Auch das Gesundheitswesen ist teuer: Ohne eine erstklassige Krankenversicherung kann eine medizinische Behandlung schnell in den fünfstelligen Bereich gehen. Wer es aber schafft, in den USA Fuß zu fassen, kann enorme Summen verdienen.
In der Schweiz locken hohe Gehaltsschecks, doch die Lebenshaltungskosten sind immens. Besonders in Städten wie Zürich oder Genf sind Mieten astronomisch, und selbst der Supermarkteinkauf kann für Neuankömmlinge ein Schock sein. „Wer glaubt, dass er in der Schweiz automatisch mehr Geld behält, hat die Rechnung ohne die hohen Ausgaben gemacht“, so Hörhan.
Nicht jedes Land ist ein Paradies
Beliebte Auswanderungsländer haben oft Nachteile, die in Social-Media-Posts nicht erwähnt werden.

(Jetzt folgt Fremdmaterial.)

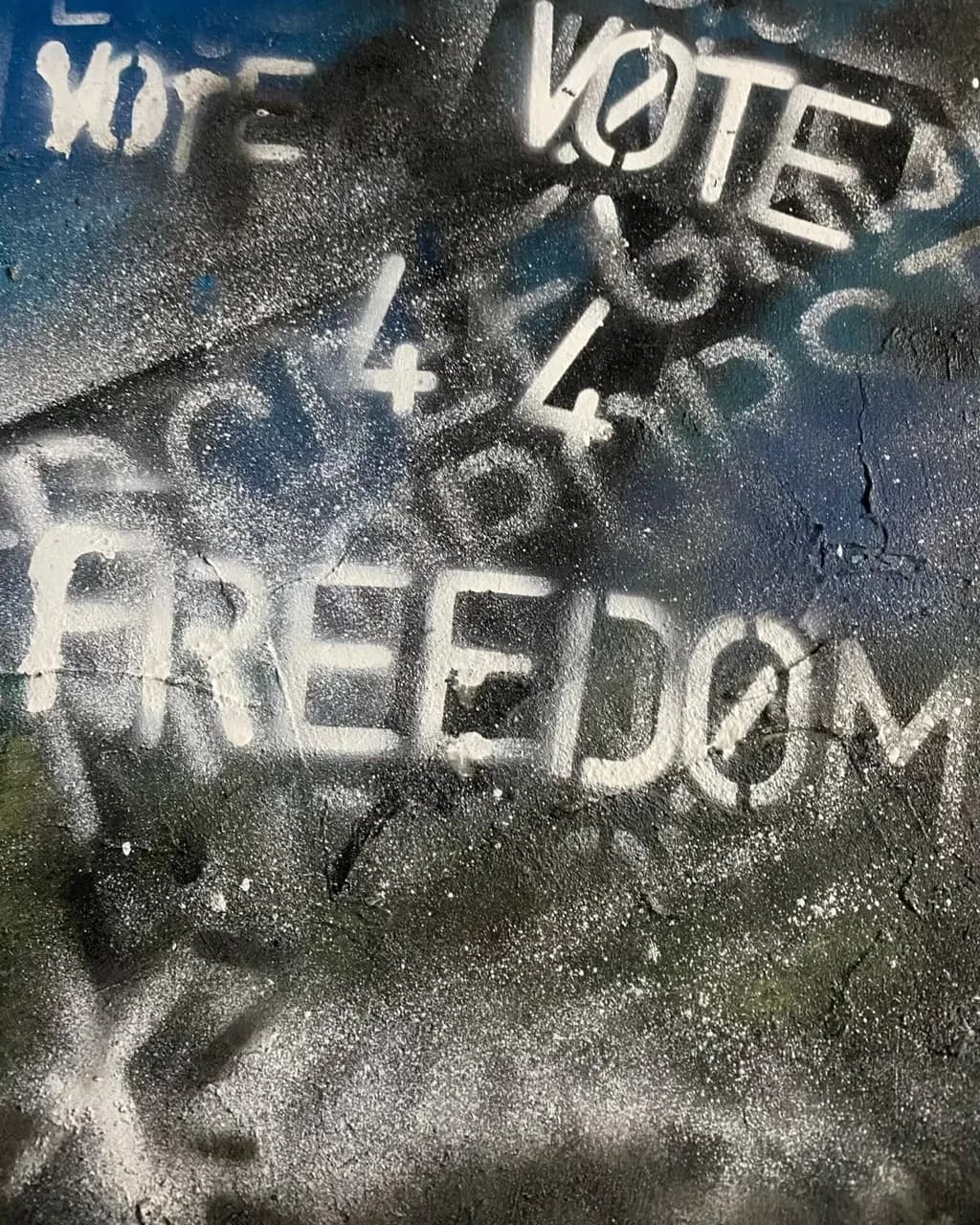 Freedom Vote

Luftverschmutzung, extreme Hitze, hohe Kriminalität oder ein unsicheres Rechtssystem können die Lebensqualität erheblich beeinträchtigen.

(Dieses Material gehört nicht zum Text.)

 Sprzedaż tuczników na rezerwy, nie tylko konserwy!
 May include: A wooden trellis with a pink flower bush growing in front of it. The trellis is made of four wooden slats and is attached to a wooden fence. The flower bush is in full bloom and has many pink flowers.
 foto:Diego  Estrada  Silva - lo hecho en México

Hörhan rät dringend dazu, vor einer Entscheidung mehrere Monate im Wunschland zu verbringen und die Lebensumstände aus erster Hand kennenzulernen.
Innerhalb der EU ist der Wechsel einfacher
Wer innerhalb der EU auswandert, hat es einfacher. Die Gesundheitsversorgung bleibt oft gesichert, und viele berufliche Qualifikationen werden anerkannt. Dennoch gibt es Fallstricke: In Spanien kann es Jahre dauern, um eine Immobilie einzutragen. In Italien gibt es Steuerprivilegien für Reiche, aber auch hohe Kriminalität in einigen Regionen.

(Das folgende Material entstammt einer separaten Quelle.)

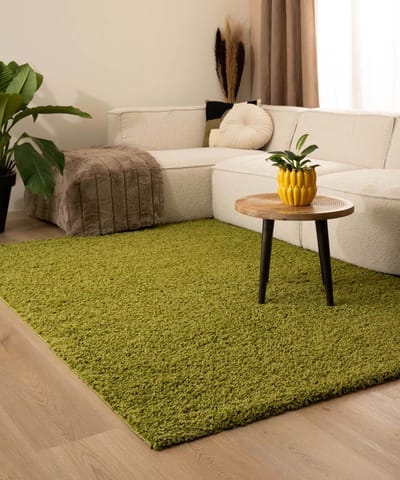 Hoogpolig vloerkleed - Shaggy Trend groen 240x340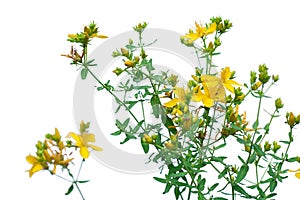Flower of Hypericum isolated on white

Kroatien und andere Balkanstaaten sind ebenfalls beliebt, haben aber oft instabile Rechtssysteme. „Ein Grundbucheintrag dort ist nicht immer eine Garantie für Eigentum“, gibt Hörhan zu bedenken.
Viele unterschätzen auch die kulturellen Unterschiede. Soziale Normen, Rechtsvorschriften und der Arbeitsmarkt funktionieren in anderen Ländern oft völlig anders. Wer nicht bereit ist, sich anzupassen, wird es schwer haben.
Auswandern ist kein einfacher Schritt, sondern eine Lebensentscheidung mit weitreichenden Konsequenzen. Wer sich nicht umfassend vorbereitet, könnte am Ende mehr verlieren als gewinnen.
Kurz zusammengefasst:
- Gerald Hörhan warnt, dass Auswandern für die meisten finanziell und beruflich kaum realistisch ist, da hohe Lebenshaltungskosten, bürokratische Hürden und eingeschränkte Jobmöglichkeiten oft unterschätzt werden.
- Die Wegzugsteuer kann eine enorme finanzielle Belastung sein, besonders für Unternehmer und Vermögende, da Deutschland und Österreich nicht realisierte Kapitalgewinne beim Wegzug sofort besteuern.
- Länder wie die USA und die Schweiz bieten hohe Einkommen, setzen aber extreme Leistungsbereitschaft voraus, da dort harter Wettbewerb, hohe Lebenshaltungskosten und teure Gesundheitssysteme dominieren.